[Dataset items]

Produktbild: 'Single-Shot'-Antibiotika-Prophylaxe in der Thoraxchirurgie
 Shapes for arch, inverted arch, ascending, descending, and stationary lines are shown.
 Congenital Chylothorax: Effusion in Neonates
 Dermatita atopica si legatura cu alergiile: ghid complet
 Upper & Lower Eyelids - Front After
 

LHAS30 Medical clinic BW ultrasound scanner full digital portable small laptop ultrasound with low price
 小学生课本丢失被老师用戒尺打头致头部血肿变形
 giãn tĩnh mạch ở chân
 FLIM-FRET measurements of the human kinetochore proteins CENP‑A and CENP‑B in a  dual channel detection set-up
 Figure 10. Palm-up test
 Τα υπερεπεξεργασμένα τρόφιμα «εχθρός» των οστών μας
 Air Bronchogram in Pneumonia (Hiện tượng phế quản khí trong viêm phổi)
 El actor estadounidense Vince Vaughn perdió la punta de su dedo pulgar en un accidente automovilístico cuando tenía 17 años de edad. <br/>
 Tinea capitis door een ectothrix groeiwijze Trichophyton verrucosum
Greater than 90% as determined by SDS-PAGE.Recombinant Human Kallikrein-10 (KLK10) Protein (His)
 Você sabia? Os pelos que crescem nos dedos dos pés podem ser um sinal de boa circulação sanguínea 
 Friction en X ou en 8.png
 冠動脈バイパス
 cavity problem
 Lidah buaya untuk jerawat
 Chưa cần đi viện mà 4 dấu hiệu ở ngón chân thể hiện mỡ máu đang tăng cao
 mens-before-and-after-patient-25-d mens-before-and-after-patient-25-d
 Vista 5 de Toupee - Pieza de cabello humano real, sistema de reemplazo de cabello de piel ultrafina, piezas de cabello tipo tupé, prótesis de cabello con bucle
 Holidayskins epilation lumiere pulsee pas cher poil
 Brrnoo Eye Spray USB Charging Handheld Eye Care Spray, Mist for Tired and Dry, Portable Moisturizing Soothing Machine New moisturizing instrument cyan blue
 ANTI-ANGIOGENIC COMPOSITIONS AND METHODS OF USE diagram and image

EXERCISE BRIEF
When a line in the data holds the word "chân", show that line.

SOLUTION FOR THIS TASK
 giãn tĩnh mạch ở chân
 Chưa cần đi viện mà 4 dấu hiệu ở ngón chân thể hiện mỡ máu đang tăng cao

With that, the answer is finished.